- **TASK TO COMPLETE**:
Would you please restate the data exactly as it stands, apart from the pictures?

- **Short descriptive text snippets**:
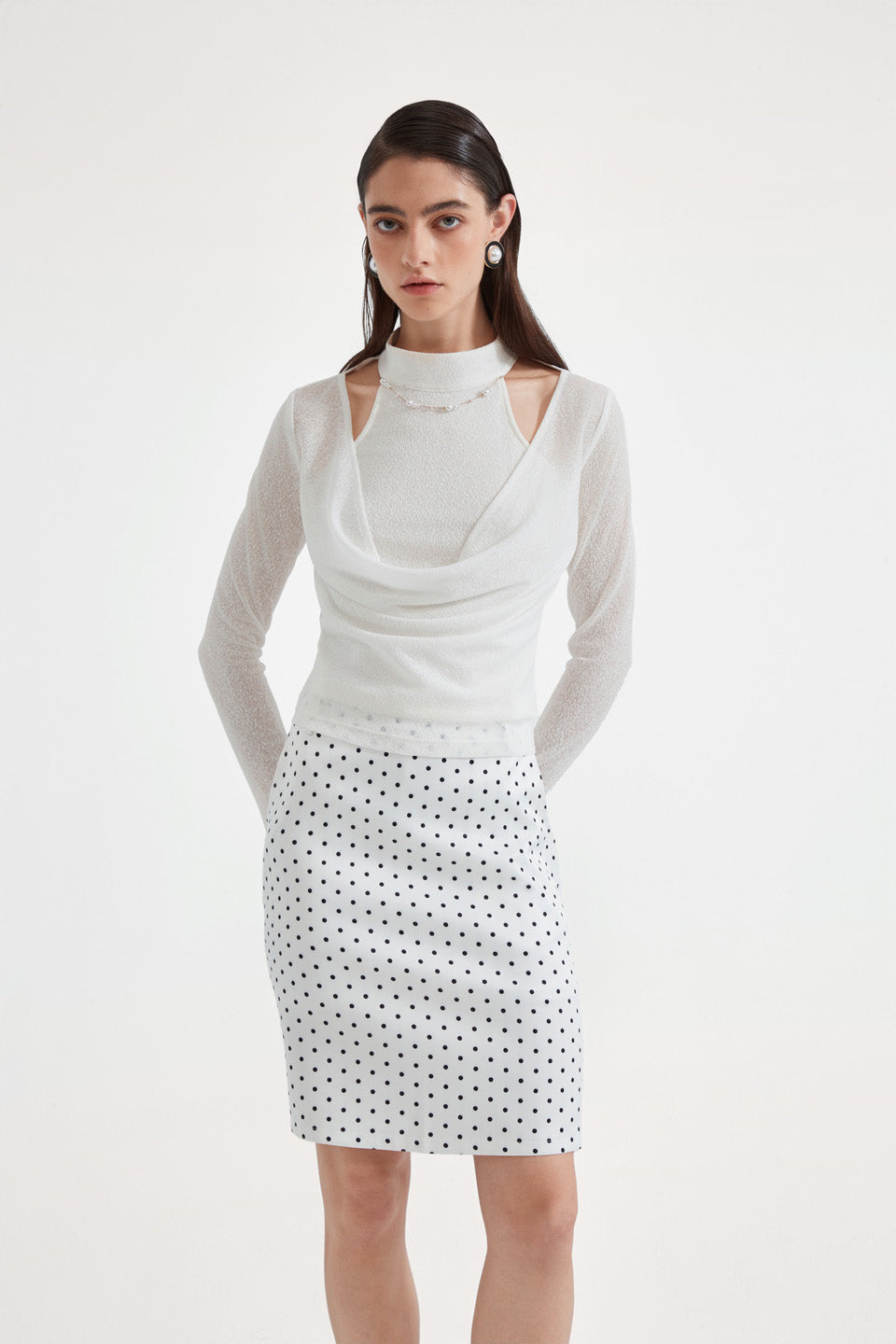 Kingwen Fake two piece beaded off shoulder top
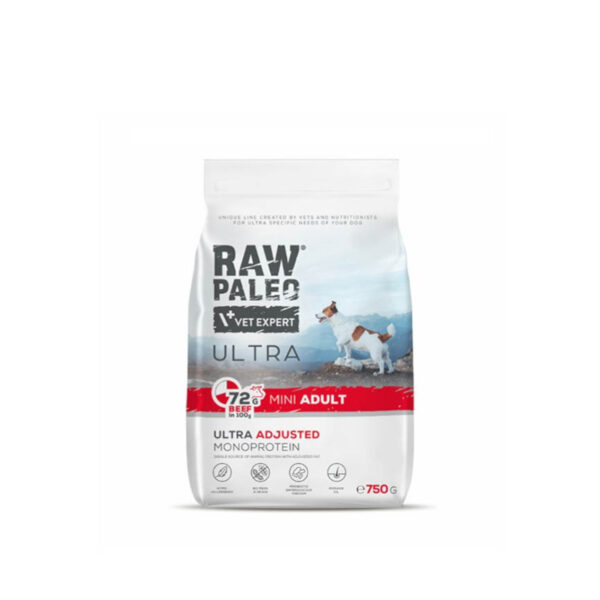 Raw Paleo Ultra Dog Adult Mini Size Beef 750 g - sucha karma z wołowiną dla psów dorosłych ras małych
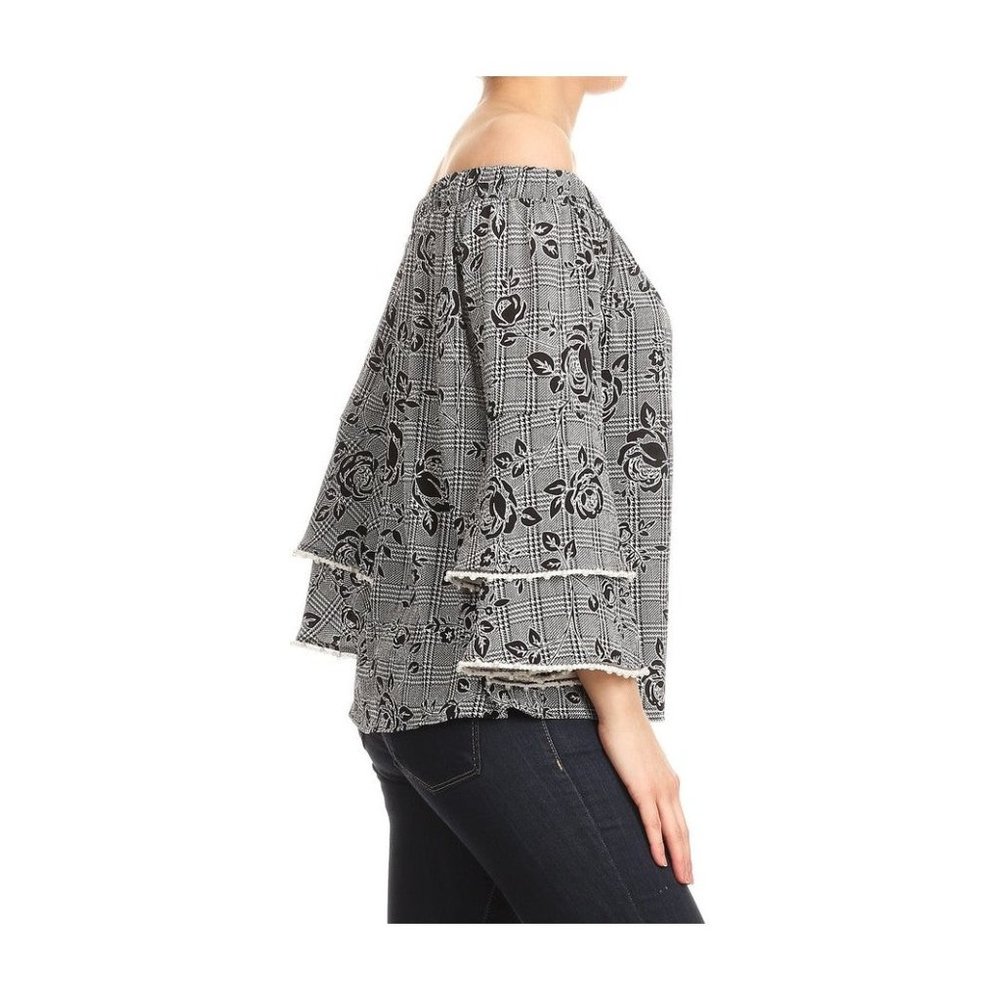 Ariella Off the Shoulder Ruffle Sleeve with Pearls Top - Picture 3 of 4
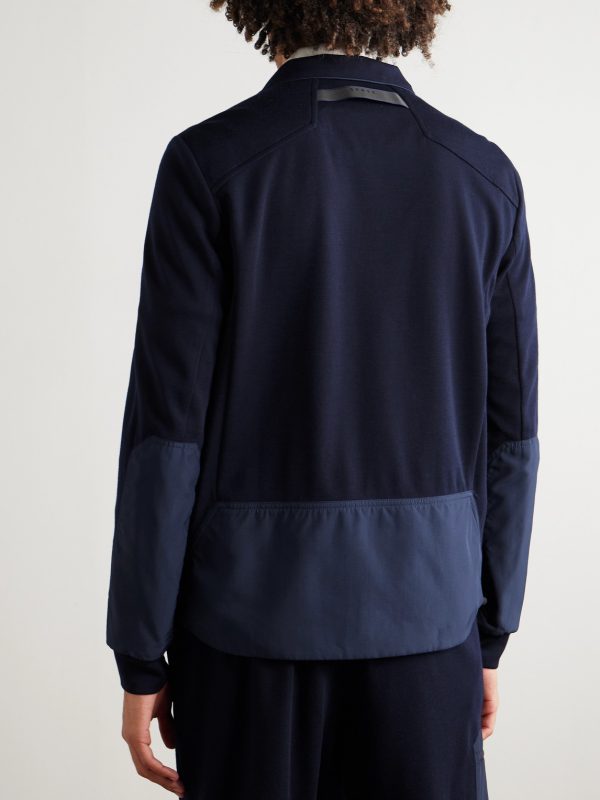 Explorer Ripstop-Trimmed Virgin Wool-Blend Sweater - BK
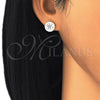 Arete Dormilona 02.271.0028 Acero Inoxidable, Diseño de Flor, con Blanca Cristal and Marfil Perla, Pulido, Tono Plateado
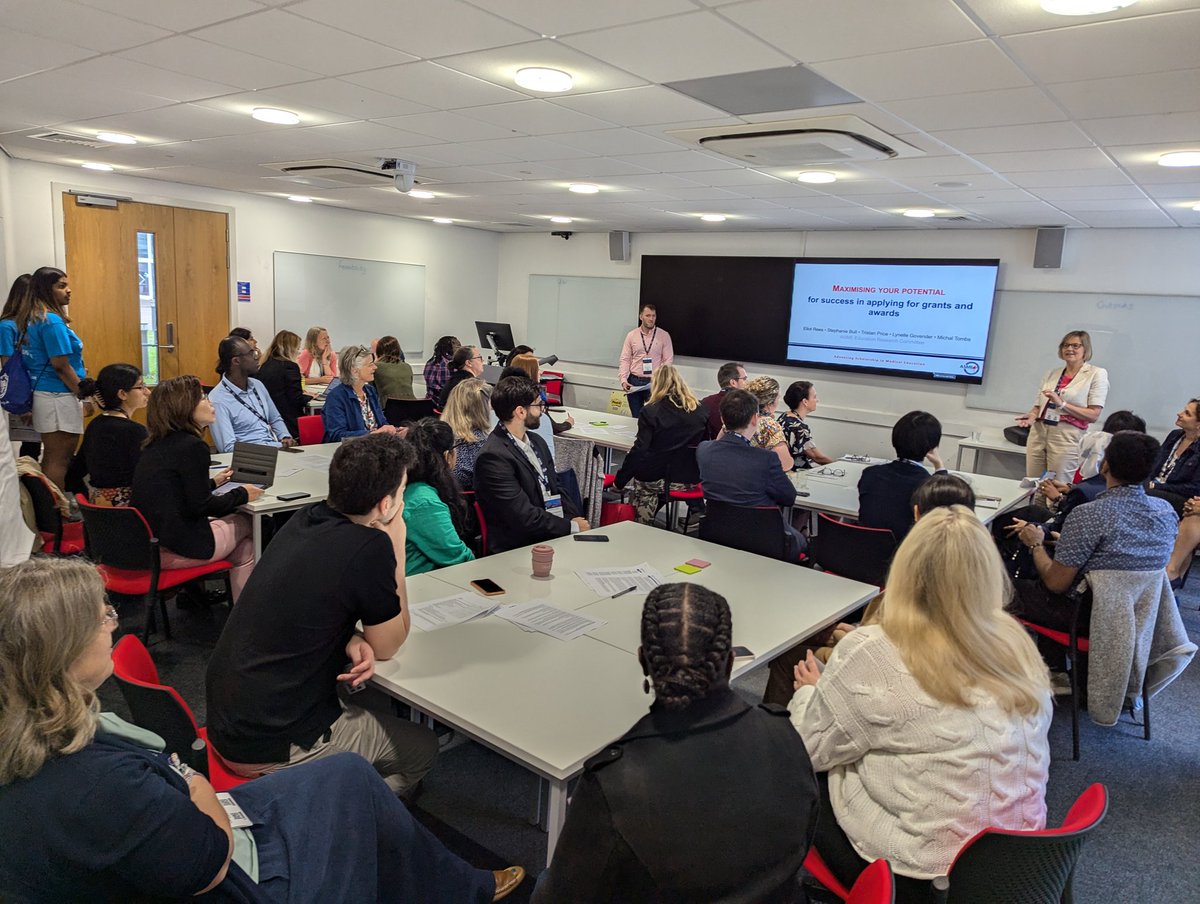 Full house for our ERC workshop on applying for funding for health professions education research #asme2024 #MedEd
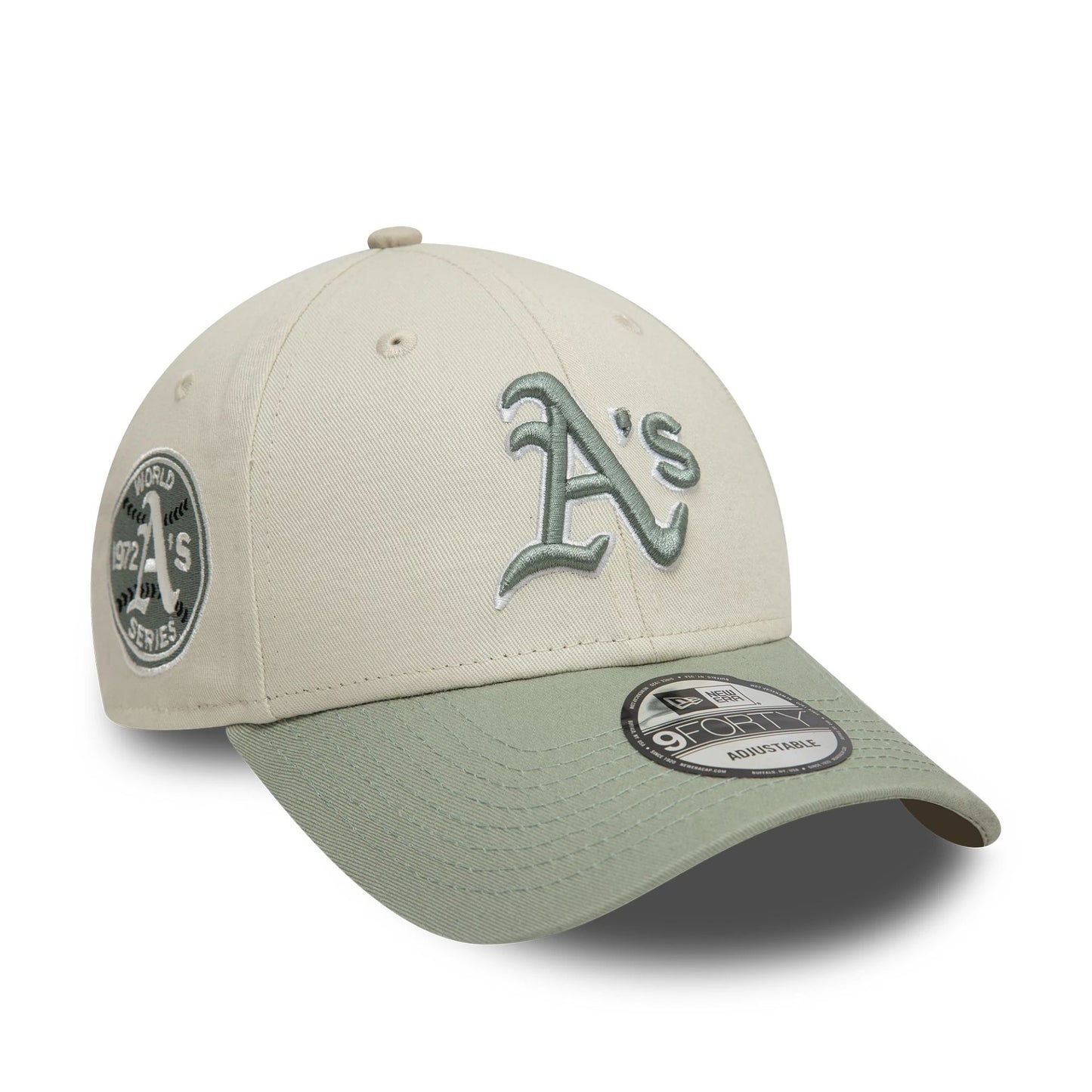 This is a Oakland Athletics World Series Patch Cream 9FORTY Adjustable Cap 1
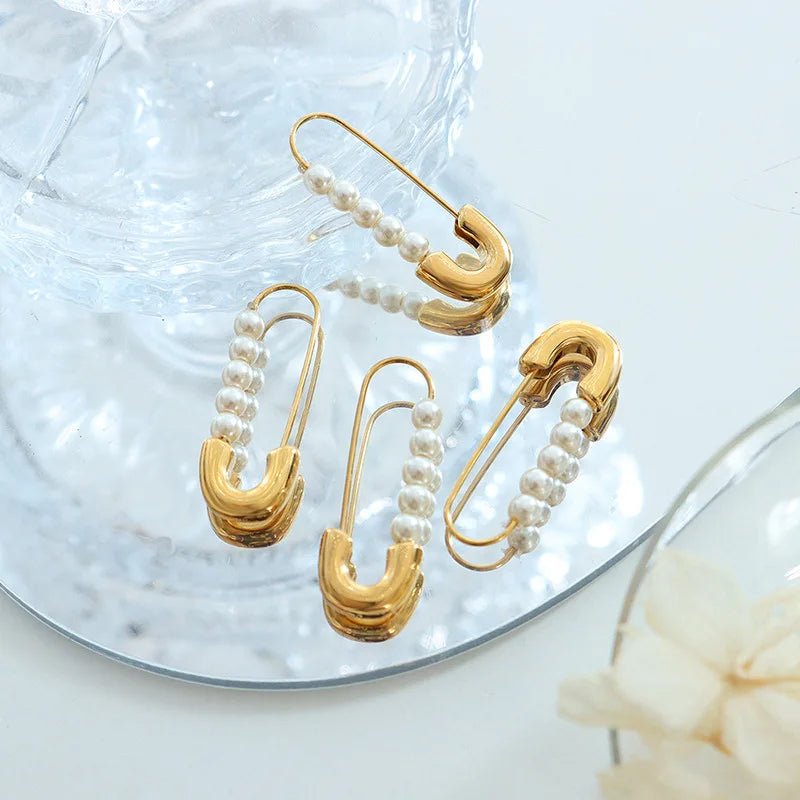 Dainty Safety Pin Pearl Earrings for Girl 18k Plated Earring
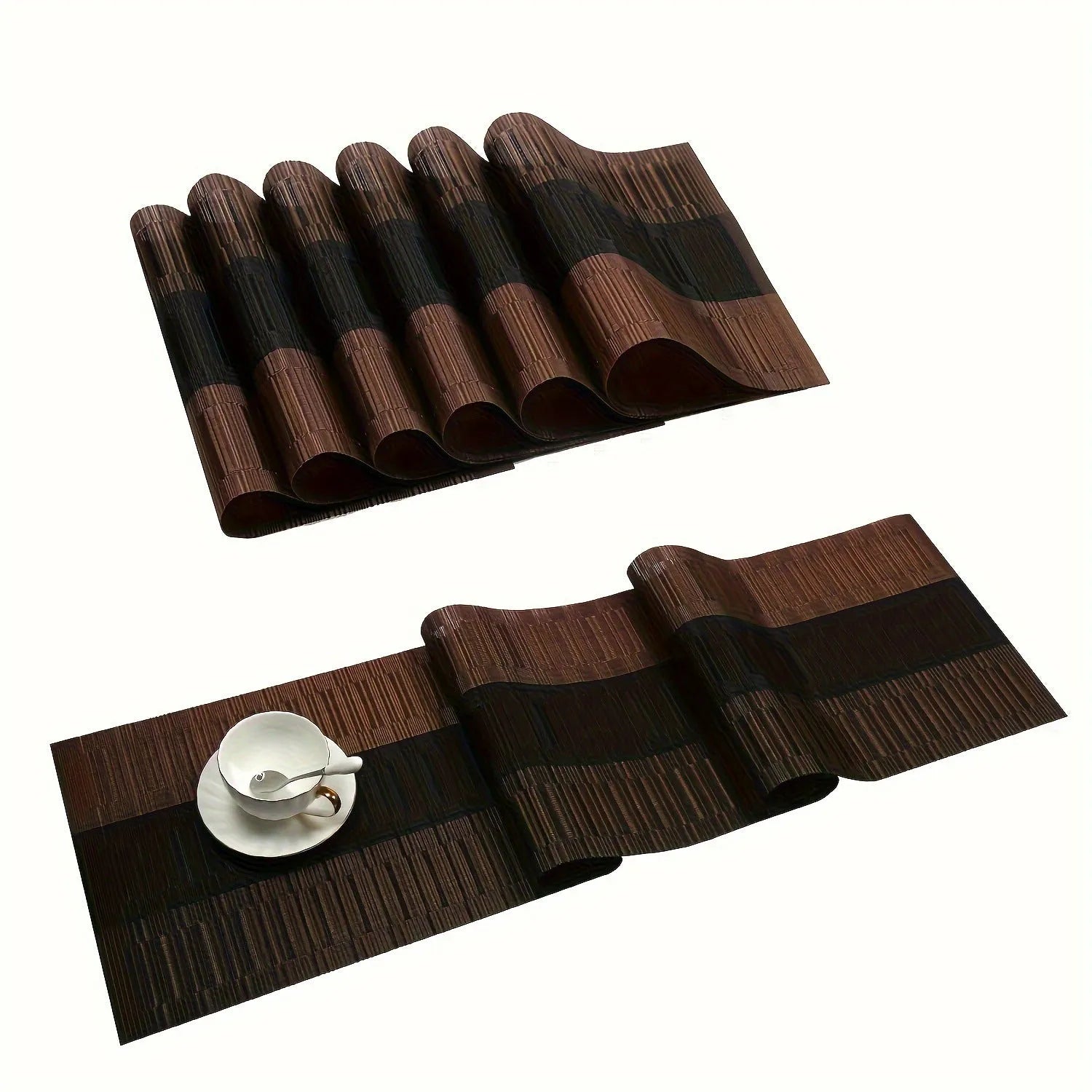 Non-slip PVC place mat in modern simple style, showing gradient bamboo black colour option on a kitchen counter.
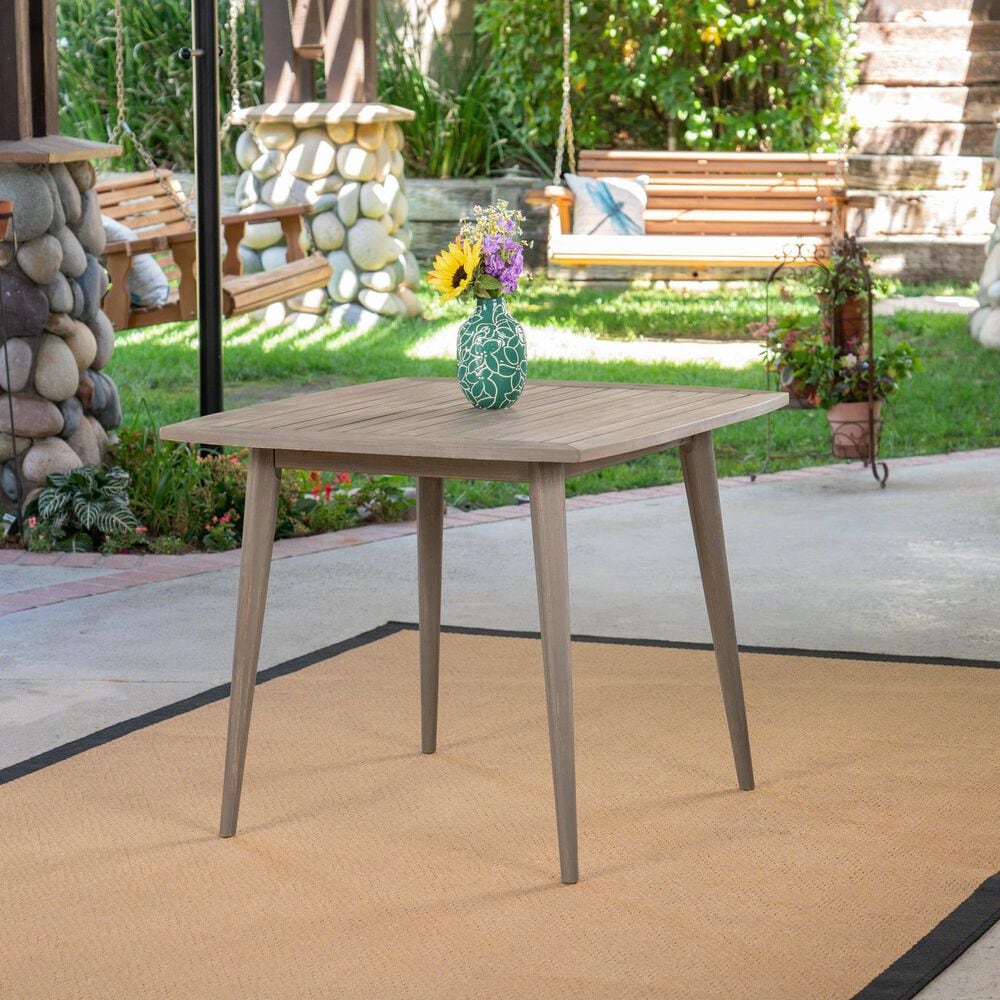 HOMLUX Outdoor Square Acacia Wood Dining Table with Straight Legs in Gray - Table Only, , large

- **SOLUTION TO THIS PROBLEM**:
 Kingwen Fake two piece beaded off shoulder top
 Raw Paleo Ultra Dog Adult Mini Size Beef 750 g - sucha karma z wołowiną dla psów dorosłych ras małych
 Ariella Off the Shoulder Ruffle Sleeve with Pearls Top - Picture 3 of 4
 Explorer Ripstop-Trimmed Virgin Wool-Blend Sweater - BK
 Arete Dormilona 02.271.0028 Acero Inoxidable, Diseño de Flor, con Blanca Cristal and Marfil Perla, Pulido, Tono Plateado
 Full house for our ERC workshop on applying for funding for health professions education research #asme2024 #MedEd
 This is a Oakland Athletics World Series Patch Cream 9FORTY Adjustable Cap 1
 Dainty Safety Pin Pearl Earrings for Girl 18k Plated Earring
 Non-slip PVC place mat in modern simple style, showing gradient bamboo black colour option on a kitchen counter.
 HOMLUX Outdoor Square Acacia Wood Dining Table with Straight Legs in Gray - Table Only, , large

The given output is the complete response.